When I was four years old, I lived in an apartment with my mother, father and one year old brother in Queens. Not much went on in our town and each day was the same routine. My brother would be left at my grandparents' and my mother would walk me to preschool each morning. On our walk to school, a little boy by the name of Nicky would accompany us with his grandmother as he was in my class as well. Every morning he would sing the same song the whole way to school, "Soak Up the Sun" by Sheryl Crow. Being that we did live in Queens, you could see the New York City skyline throughout most of our town, including the walk to school, which was my favorite part.
One morning, I woke up and completed my normal routine. It was a typical Tuesday morning, not a cloud in the sky. I don't remember walking to school that morning. I don't remember Nicky singing "Soak Up the Sun". I don't remember even going to school. I was only four so naturally, of course, I don't remember all the details. However, there was one thing I remember very vividly of this Tuesday so many years ago. My father would return home from work every evening at 6:30 pm sharp. I would wait for him on the steps of our home and when he would walk through the door I would greet him by jumping into his arms yelling "Daddy!" No matter how tired he was that day he always smiled, picked me up and gave me a kiss hello. He was never late either, he always walked through the door at 6:30 pm.

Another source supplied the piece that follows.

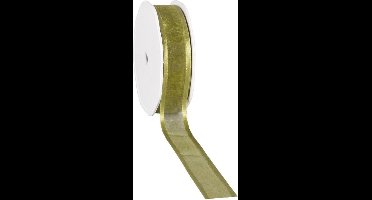Satin edge Organzalint Olijf - 25 mm / 25 mtr.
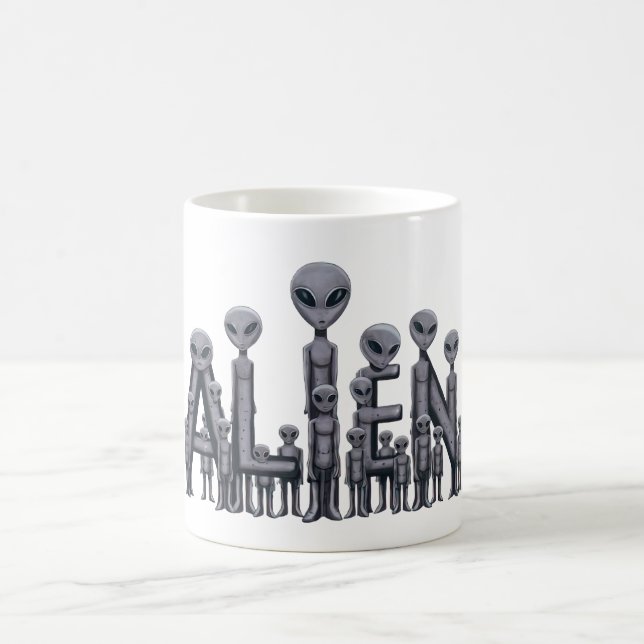 Caneca De Café Texto de alienígena (Centro)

However on this particular Tuesday, my father didn't walk through the door at 6:30 pm, not 6:31pm, not even 7 pm. He came home around 9 pm. Although he was often exhausted from work, the expression on his face when he came home was nothing I had ever seen before. He looked depressed, worrisome and most of all, afraid. My mother ran up to him with my infant brother in her arms. My father then picked me up and all four of us hugged for what seemed like an eternity. It seemed like for these brief moments, the Earth had stood still. Later on, I would come to realize my father was so exhausted because he just walked home all the way from Manhattan and the beautiful New York City skyline which I had admired so much, was covered in smoke. The date was September 11, 2001.
Fast forward fifteen years.
The day started like any other. It was a typical Sunday morning, I had just finished doing some errands with with my mother. As per any ordinary Sunday, my family and I sat together at the table and proceeded to organize lunch. My father had turned on the television to ABC News as he always did whenever we sat together for a meal. This is the moment where it was not an ordinary Sunday any longer. What I had heard next not only shocked me, but it left me with feelings I cannot even begin to describe. Disgusted. Heartbroken. Scared. These feelings barely scrape the surface on the events that had just unfolded in our country. There had been a shooting at a nightclub in Orlando, Florida in the early hours of the morning on June 12th. It had been the second biggest terrorist attack on U.S. soil since 9/11.
For a second time, it had felt like the Earth had stopped again. I sat there with my family digesting the news and wondered to myself "How could this happen?" That sentence repeated in my head on my way to work that day, on the way home and even when I went to sleep. I don't think any of us will understand why these attacks continue to happen all over the world. We will never understand how people could be capable of such malicious acts. We will never understand why the lives of so many innocent people have been taken so soon. We will never understand why these senseless acts of terror never cease to stop. Often times, it seems as soon as the world heals its wound from the last attack, another takes place in a different country. We will never have an answer to any of these questions because as heartbreaking as it may be, there isn't an answer to any of them, and there never will be.
Not much has changed in the fifteen years between 9/11 and the Orlando shooting. People still discriminate and hate those who are different than themselves. Unfortunately, that is something that will most likely never end. Although it didn't take place in my city and I don't know anyone directly affected by this tragedy, I think I can speak for all of us when I say, our hearts are with you Orlando, and our prayers are with the families grieving for the loss of their loved ones.
In the words of Lin Manuel Miranda during his acceptance speech at the 2016 Tony Awards, "Love is love is love is love is love is love is love is love and love cannot be killed or swept aside." They can instill fear in us, they can make all the hateful speeches they want, but this is America. We do not back down. We do not spread hate. And we most certainly do not give up.